Data for review:
◆ ◆ ◆
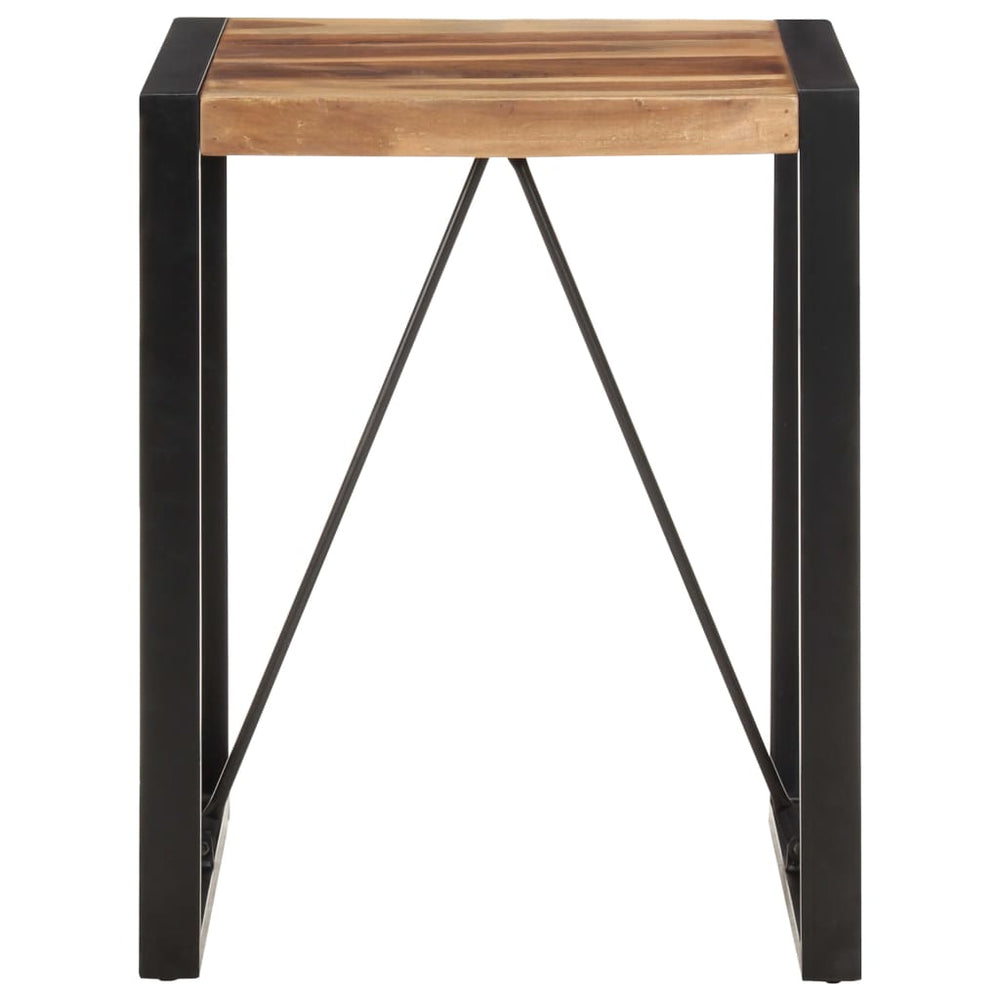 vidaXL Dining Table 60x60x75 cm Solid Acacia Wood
◆ ◆ ◆
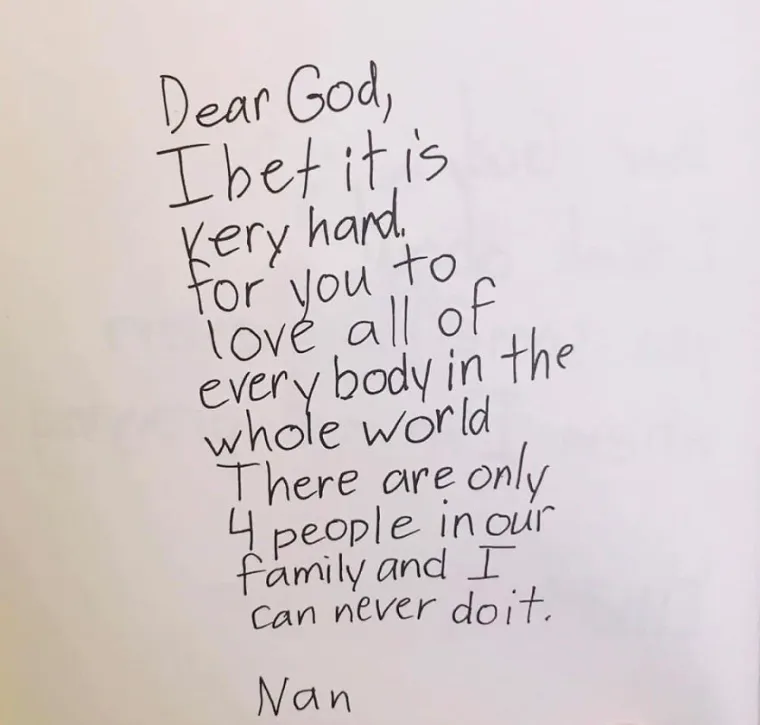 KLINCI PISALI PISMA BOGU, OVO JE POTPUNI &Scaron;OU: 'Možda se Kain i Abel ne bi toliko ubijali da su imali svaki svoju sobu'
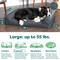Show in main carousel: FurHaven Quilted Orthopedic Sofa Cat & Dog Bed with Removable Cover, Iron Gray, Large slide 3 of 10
◆ ◆ ◆
Work to complete: Print nothing except the lines above from the one containing "KLINCI PISALI PISMA" down to the one containing "Show in main", both included, exactly as written and free of pictures.

Solution to the problem:
 KLINCI PISALI PISMA BOGU, OVO JE POTPUNI &Scaron;OU: 'Možda se Kain i Abel ne bi toliko ubijali da su imali svaki svoju sobu'
Show in main carousel: FurHaven Quilted Orthopedic Sofa Cat & Dog Bed with Removable Cover, Iron Gray, Large slide 3 of 10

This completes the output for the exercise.